Sob o título “outros cânticos”, a sessão seguinte faz uma alusão potente ao Cântico dos cânticos, livro bíblico que celebra o amor sexual, e se aproxima de outro livro de poemas de Micheliny, B de bruxa, na alusão à sororidade. No conjunto de poemas de “outros cânticos”, todos os primeiros versos são um chamado da narradora às “mulheres de Jerusalém”, a quem pede ajuda para encontrar o seu amado. Não sabemos para onde ele foi nem porque demora a voltar, mas assistimos a narradora contar para as suas iguais como é esse amor, em versos de muita sensualidade:
(…)
[o meu amado
passou sua mão
pela fresta da porta
meu coração
entre seus dedos
estremeceu
(…)
O amor como dueto é outra característica dos poemas de Maravilhas banais.

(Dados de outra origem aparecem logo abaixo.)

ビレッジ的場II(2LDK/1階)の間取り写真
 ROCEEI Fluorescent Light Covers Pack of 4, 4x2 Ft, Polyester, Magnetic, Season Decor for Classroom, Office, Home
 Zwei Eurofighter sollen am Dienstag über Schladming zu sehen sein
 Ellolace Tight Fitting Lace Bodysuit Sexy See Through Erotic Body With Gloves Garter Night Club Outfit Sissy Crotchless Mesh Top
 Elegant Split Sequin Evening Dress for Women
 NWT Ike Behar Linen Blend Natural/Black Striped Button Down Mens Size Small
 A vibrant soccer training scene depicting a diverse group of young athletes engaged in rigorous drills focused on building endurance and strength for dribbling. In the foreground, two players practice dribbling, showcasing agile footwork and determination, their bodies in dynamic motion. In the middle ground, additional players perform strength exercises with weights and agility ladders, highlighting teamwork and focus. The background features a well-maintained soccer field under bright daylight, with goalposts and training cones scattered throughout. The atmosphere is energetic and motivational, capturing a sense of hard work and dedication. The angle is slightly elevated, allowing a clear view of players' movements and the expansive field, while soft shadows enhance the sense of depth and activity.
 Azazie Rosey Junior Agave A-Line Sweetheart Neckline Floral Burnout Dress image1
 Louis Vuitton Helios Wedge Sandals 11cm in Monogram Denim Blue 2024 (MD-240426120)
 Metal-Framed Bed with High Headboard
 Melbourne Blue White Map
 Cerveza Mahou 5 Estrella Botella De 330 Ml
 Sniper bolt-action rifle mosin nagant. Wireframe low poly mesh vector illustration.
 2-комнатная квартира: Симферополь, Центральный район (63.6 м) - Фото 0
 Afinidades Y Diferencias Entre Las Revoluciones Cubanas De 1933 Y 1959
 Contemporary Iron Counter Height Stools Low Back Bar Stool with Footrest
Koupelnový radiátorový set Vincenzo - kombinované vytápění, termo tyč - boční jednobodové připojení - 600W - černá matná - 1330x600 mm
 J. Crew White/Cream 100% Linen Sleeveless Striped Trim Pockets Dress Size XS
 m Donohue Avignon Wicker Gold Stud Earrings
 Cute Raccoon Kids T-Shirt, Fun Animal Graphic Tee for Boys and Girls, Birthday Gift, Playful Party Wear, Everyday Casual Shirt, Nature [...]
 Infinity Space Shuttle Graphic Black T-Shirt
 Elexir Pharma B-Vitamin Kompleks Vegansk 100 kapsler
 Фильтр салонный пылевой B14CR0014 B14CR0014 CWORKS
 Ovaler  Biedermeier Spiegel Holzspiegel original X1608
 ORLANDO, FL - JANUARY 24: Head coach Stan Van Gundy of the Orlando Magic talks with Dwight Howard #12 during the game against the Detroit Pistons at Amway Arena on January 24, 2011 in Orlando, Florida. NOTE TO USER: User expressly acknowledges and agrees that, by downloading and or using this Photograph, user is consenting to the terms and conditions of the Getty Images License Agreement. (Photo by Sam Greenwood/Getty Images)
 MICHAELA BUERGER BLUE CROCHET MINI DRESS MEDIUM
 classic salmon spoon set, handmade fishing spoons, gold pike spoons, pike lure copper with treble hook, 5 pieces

Se em x o sentimento é um jogo de xadrez (“esse movimento / essa guerra / essa dança”), em relevo, o amado é “o espelho em que me deito”. Esse outro é sempre um reflexo da narradora; alguém em quem ela se vê e nisso realiza o seu amor.
Entre os meus preferidos, destaco também o onírico um banho, em que a narradora lembra a sensação de estar sob a água de quando era uma sereia, e viajava pelos mares com suas irmãs – especialmente tocante para litorâneas que, como eu, vivem em desterro nesse Planalto de Piratininga.
Micheliny Verunschk já publica poesia há muitos muito anos, mas essa produção ficou um pouco ofuscada depois de ela ganhar o Prêmio São Paulo de Literatura de 2013 com seu romance de estreia Nossa Teresa – vida e morte de uma santa suicida (já resenhado aqui). Tanto eu como Carlos acompanhamos atentamente o desenvolvimento da Trilogia Infernal, que até agora teve dois livros publicados: Aqui, no coração do inferno e O peso no coração de um homem, ambos pela Editora Patuá (veja a resenha aqui).
Mas Maravilhas banais se junta a B de bruxa, publicado pela Mariposa Cartonera, aos preferidos de todos os tempos – um estímulo para caçar os livros mais antigos da autora.
PS: a foto em destaque desse post é de uma obra fotografada no Museu da Diversidade Sexual, que fica na estação República do Metrô de São Paulo. Infelizmente, não achei o registro do nome do artista.
Excelente artigo! Tendo a escrita em mim tanto como caos como sanidade, adorei ler.